Input data =
++++

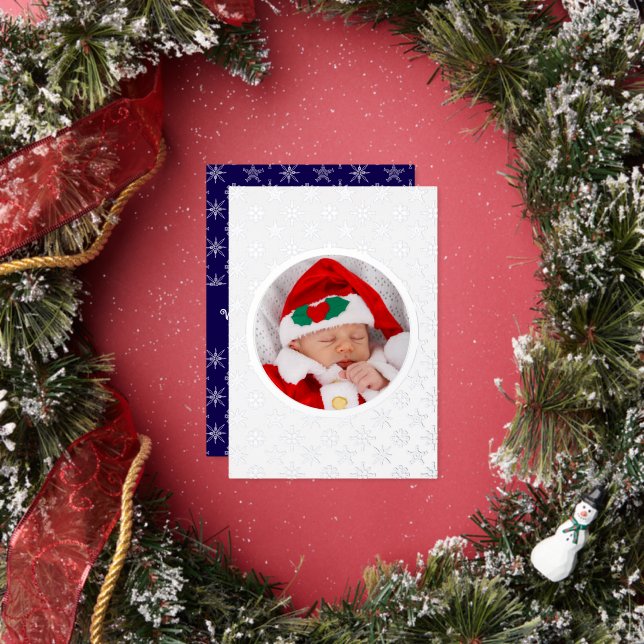 Carte De Vœux En Aluminium Photo Santa Baby Snowflakes White Silver Blue BKGD (Insitu)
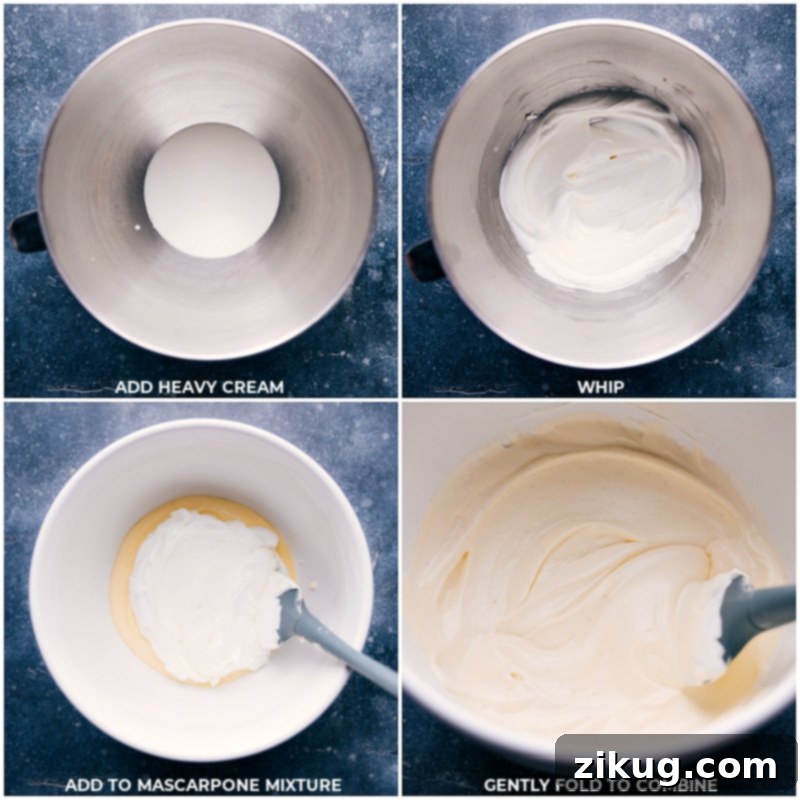 Adding Whipped Cream To The Cream Layer The process of whipping heavy cream and then adding it to the mascarpone mixture for the Tiramisu recipe.
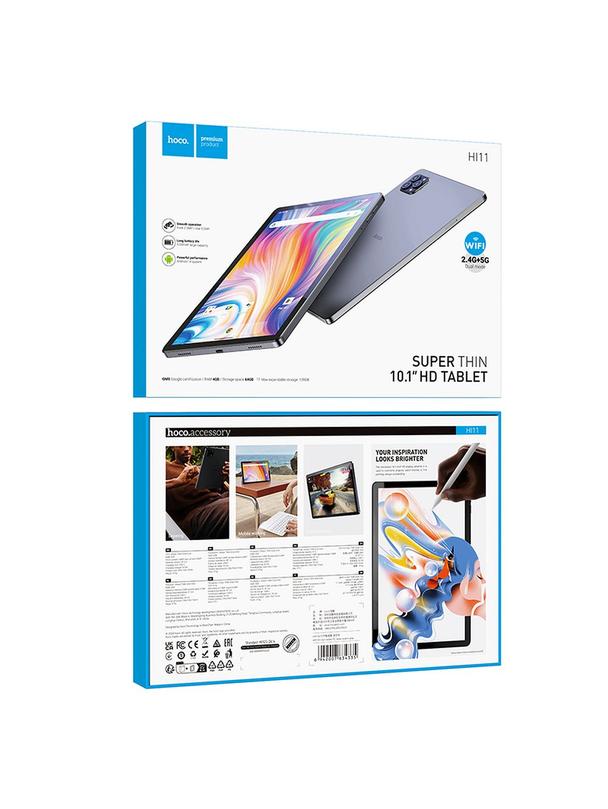 Tablet 10,1" 4GB/64GB Hoco HD Wi-Fi Android 14 HI11 szary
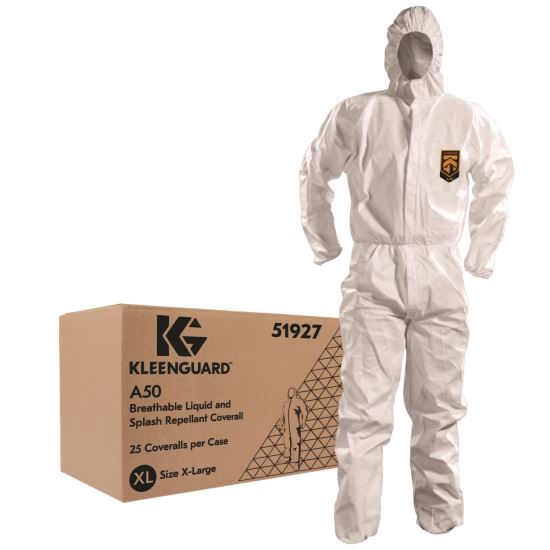 A50 Breathable Splash and Particle Protection Overalls, White, X-Large, 25/Carton1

++++

Task details = Quote the material word for word, dropping any images it holds.

Response =
 Carte De Vœux En Aluminium Photo Santa Baby Snowflakes White Silver Blue BKGD (Insitu)
 Adding Whipped Cream To The Cream Layer The process of whipping heavy cream and then adding it to the mascarpone mixture for the Tiramisu recipe.
 Tablet 10,1" 4GB/64GB Hoco HD Wi-Fi Android 14 HI11 szary
 A50 Breathable Splash and Particle Protection Overalls, White, X-Large, 25/Carton1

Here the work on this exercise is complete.